▸ **Provided data**

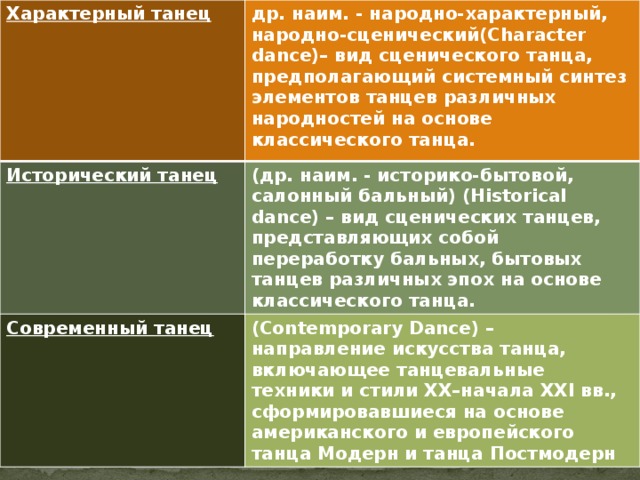 Выразительные средства сценического искусства. Средства выразительности в танце. Танец как средство выразительности. Выразительные средства хореографического искусства. Средства выразительности в хореографии.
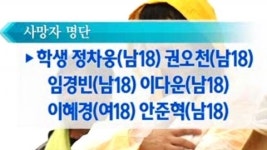 사망자 현재 25명...신원미상 7명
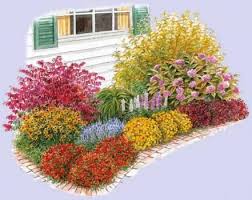 Les parterres surélevés sont la solution parfaite lorsque vous désirez un beau parterre de fleurs décoratif dans votre jardin ou votre cour. Plate Bande Vivaces Mi Ombre Amenagement Jardin Ombre Massif Fleurs Jardins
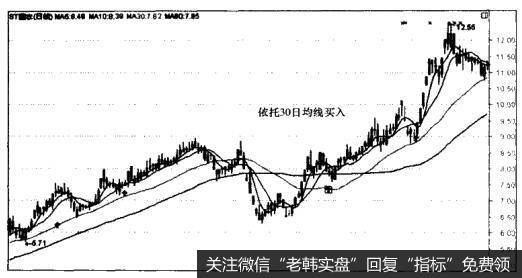 ST国农（000004）—依托30日均线买入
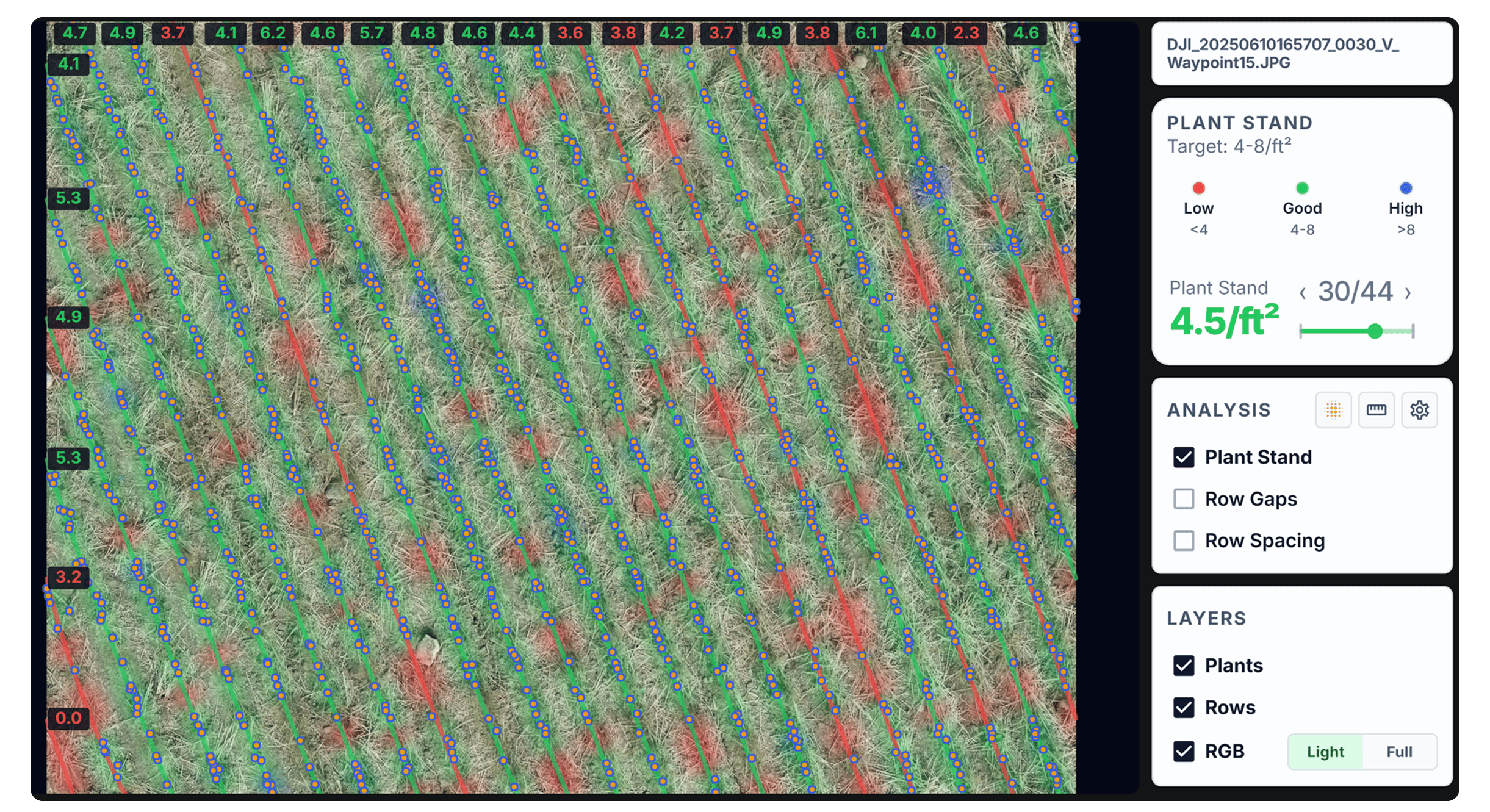 PlantCounts stand-count interface used in the article Aren't Manual Counts Enough.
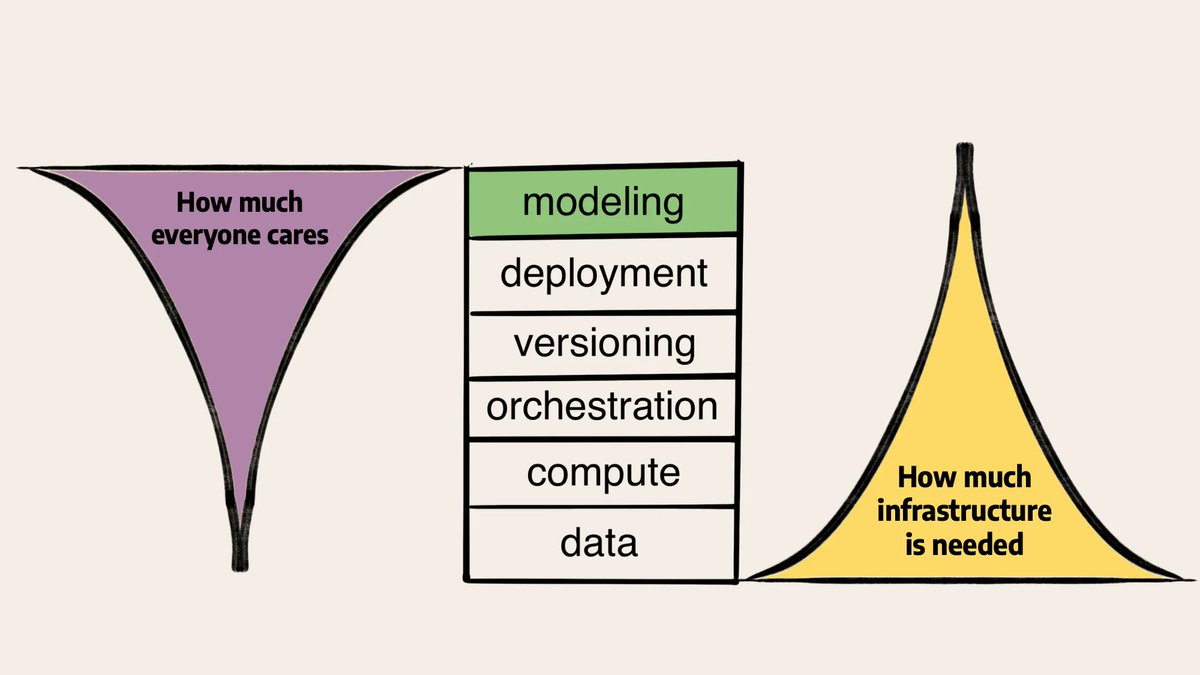 Future of Custom & Fine-Tuned LLMs 🔮 A great article from Outerbounds, the company behind Metaflow, which explores instruction tuning for large language models. outerbounds.com/blog/custom-ll… #ML #MachineLearning #ArtificialIntelligence #AI #MLOps #AIOps #DataOps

▸ **Problem statement**
Set the entries down again exactly. Do not include the images.

▸ **Exercise response**
 Выразительные средства сценического искусства. Средства выразительности в танце. Танец как средство выразительности. Выразительные средства хореографического искусства. Средства выразительности в хореографии.
 사망자 현재 25명...신원미상 7명
 Les parterres surélevés sont la solution parfaite lorsque vous désirez un beau parterre de fleurs décoratif dans votre jardin ou votre cour. Plate Bande Vivaces Mi Ombre Amenagement Jardin Ombre Massif Fleurs Jardins
 ST国农（000004）—依托30日均线买入
 PlantCounts stand-count interface used in the article Aren't Manual Counts Enough.
 Future of Custom & Fine-Tuned LLMs 🔮 A great article from Outerbounds, the company behind Metaflow, which explores instruction tuning for large language models. outerbounds.com/blog/custom-ll… #ML #MachineLearning #ArtificialIntelligence #AI #MLOps #AIOps #DataOps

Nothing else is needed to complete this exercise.